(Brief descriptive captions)
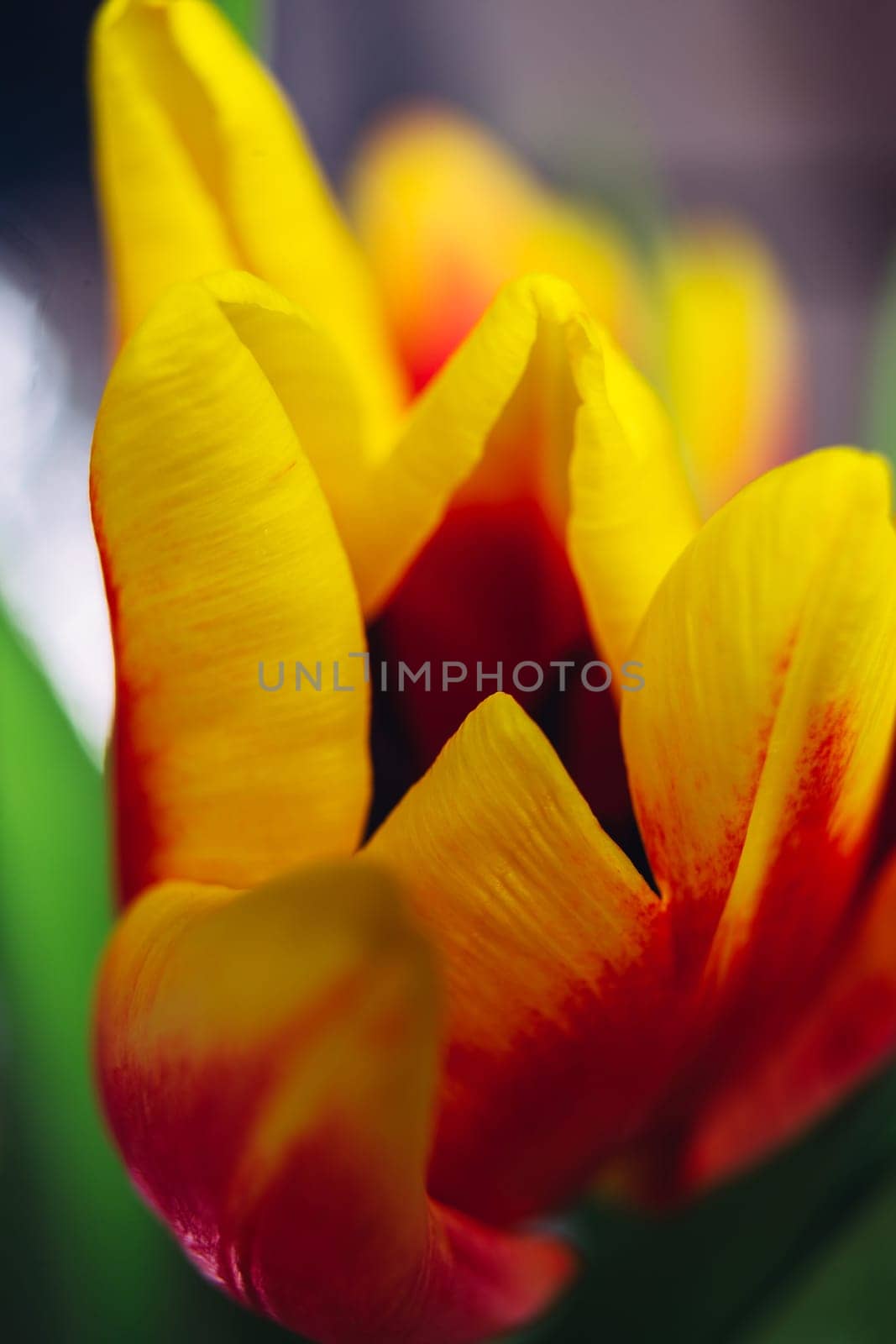 bouquet of fresh tulips close-up macro shot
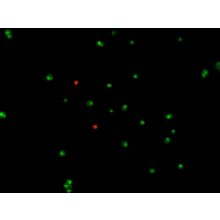 Live/Dead Cell Staining Kit (CSK )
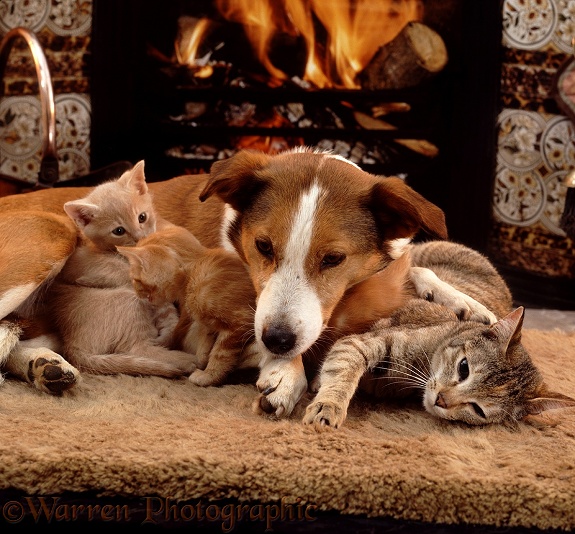 Tabby cat, Dainty, and her two kittens with Border Collie, Fan, in front of a fire
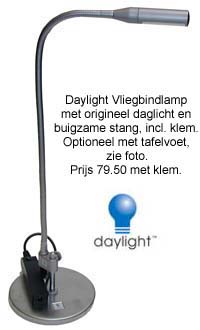 Lamp Daylight.jpg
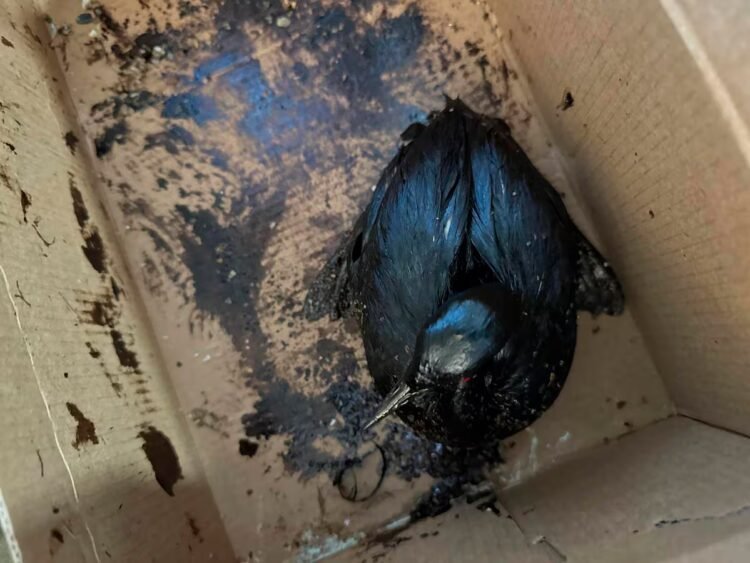 More than 200 birds covered in oil saved in the Black Sea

* YOUR GOAL: Output nothing except the lines from the one containing "Tabby cat, Dainty, and" through the final line of the entries, repeated exactly and free of pictures.

* WRITTEN RESPONSE:
 Tabby cat, Dainty, and her two kittens with Border Collie, Fan, in front of a fire
 Lamp Daylight.jpg
 More than 200 birds covered in oil saved in the Black Sea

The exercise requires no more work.